The ministry said on its official WeChat account on Friday that the truck drivers have been complaining that the platforms randomly adjust pricing rules and increase membership fees, which have induced vicious low-price competition.

Such moves are suspected of infringing on the legitimate rights and interests of drivers, causing widespread dissatisfaction among truck drivers and broad social concern, the ministry said. 

The ministry required the platforms to guarantee reasonable payment and rest time for drivers, and smooth the feedback channel and respond to reasonable demands in a timely manner.

All platform companies must adhere to fair competition, the ministry said, adding that when formulating or adjusting pricing rules, income distribution rules, and membership fees, they must publicly solicit the opinions of drivers and industry associations. 

The ministry also reminded four other online car-hailing platforms such as Didi and Meituan of such issues. 

The Chinese government has taken different measures to safeguard workers' rights and further strengthen anti-monopoly regulations in the new service industry.

On Friday, the Ministry of Human Resource and Social Security, together with other departments, directed 11 online platforms including Meituan, Alibaba and Huolala to strengthen the supervision of labor cooperative enterprises to protect the rights and interests of workers, and continue to improve the platform algorithm and labor rules.

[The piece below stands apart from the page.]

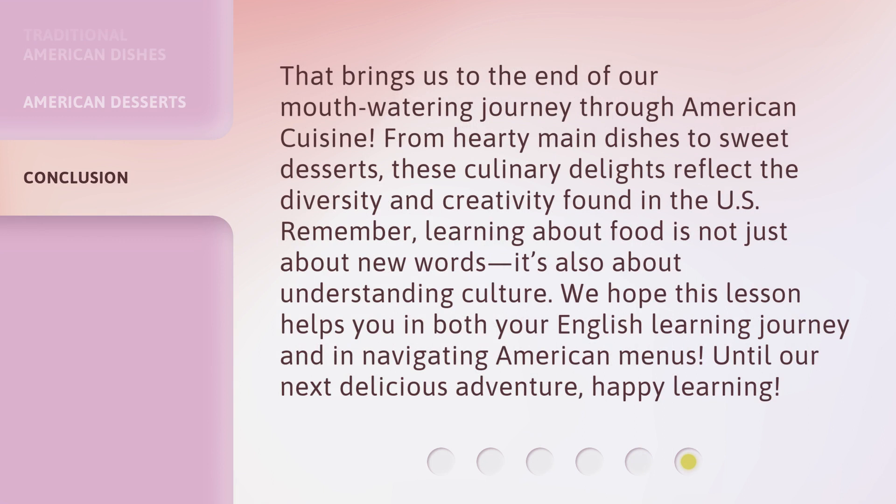That brings us to the end of our mouth-watering journey through American cuisine. From hearty main dishes to sweet desserts, these culinary delights reflect the diversity and creativity found in the U.S. And let's remember, learning about food is not just about new words — it's also about understanding culture. We hope this lesson helps you in both your English learning journey and in navigating American menus. Until our next delicious adventure, happy learning. Thank you.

In November last year, China announced new rules guiding ride-hailing platforms to set an upper limit on commissions taken from drivers.
The rules, announced by the Ministry of Transport and eight other government agencies, ordered online car-hailing platforms to announce pricing and income distribution rules, set reasonable limits on commissions, and inform the driver of the commissions after each order.

China's Ministry of Transport and other regulatory authorities directed 10 online transportation platforms including Didi and Huolala to rectify their operational problems immediately in a regulatory meeting in May last year. 

Based on reports collected by the regulators, the problems of online ride-hailing platforms mainly range from taking a high cut from the transaction, lacking transparency in distribution mechanisms and arbitrarily adjusting pricing policies.